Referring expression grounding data
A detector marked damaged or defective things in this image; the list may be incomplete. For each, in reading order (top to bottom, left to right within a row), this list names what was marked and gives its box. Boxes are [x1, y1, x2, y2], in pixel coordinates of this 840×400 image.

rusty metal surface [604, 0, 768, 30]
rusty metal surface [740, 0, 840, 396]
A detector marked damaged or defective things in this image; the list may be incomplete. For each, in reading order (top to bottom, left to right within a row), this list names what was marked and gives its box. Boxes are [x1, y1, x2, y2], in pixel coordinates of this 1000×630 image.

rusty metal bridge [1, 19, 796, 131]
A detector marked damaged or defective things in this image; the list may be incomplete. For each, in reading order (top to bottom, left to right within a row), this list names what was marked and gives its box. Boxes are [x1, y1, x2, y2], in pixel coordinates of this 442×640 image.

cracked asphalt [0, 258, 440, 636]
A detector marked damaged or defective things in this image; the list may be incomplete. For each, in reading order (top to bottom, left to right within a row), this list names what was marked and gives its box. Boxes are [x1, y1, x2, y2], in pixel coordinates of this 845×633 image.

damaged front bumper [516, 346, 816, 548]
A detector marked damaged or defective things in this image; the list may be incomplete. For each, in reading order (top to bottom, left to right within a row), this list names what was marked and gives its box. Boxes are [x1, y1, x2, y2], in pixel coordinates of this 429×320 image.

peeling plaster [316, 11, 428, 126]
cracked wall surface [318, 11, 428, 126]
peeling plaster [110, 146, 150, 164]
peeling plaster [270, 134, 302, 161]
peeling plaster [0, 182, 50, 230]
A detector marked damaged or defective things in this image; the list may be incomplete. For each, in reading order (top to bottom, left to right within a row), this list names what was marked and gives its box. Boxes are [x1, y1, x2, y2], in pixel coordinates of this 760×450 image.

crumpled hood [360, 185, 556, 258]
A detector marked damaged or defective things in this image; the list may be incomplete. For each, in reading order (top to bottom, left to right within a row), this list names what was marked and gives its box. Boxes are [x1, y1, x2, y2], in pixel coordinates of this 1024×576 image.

TASK DIRECTIONS
Begin with the line that contains "this 760×450 image." and print each line exactly until the data ends, including the last line.

RESPONSE TO THIS EXERCISE
A detector marked damaged or defective things in this image; the list may be incomplete. For each, in reading order (top to bottom, left to right within a row), this list names what was marked and gives its box. Boxes are [x1, y1, x2, y2], in pixel coordinates of this 760×450 image.

crumpled hood [360, 185, 556, 258]
A detector marked damaged or defective things in this image; the list may be incomplete. For each, in reading order (top to bottom, left to right within a row), this list names what was marked and gives its box. Boxes are [x1, y1, x2, y2], in pixel coordinates of this 1024×576 image.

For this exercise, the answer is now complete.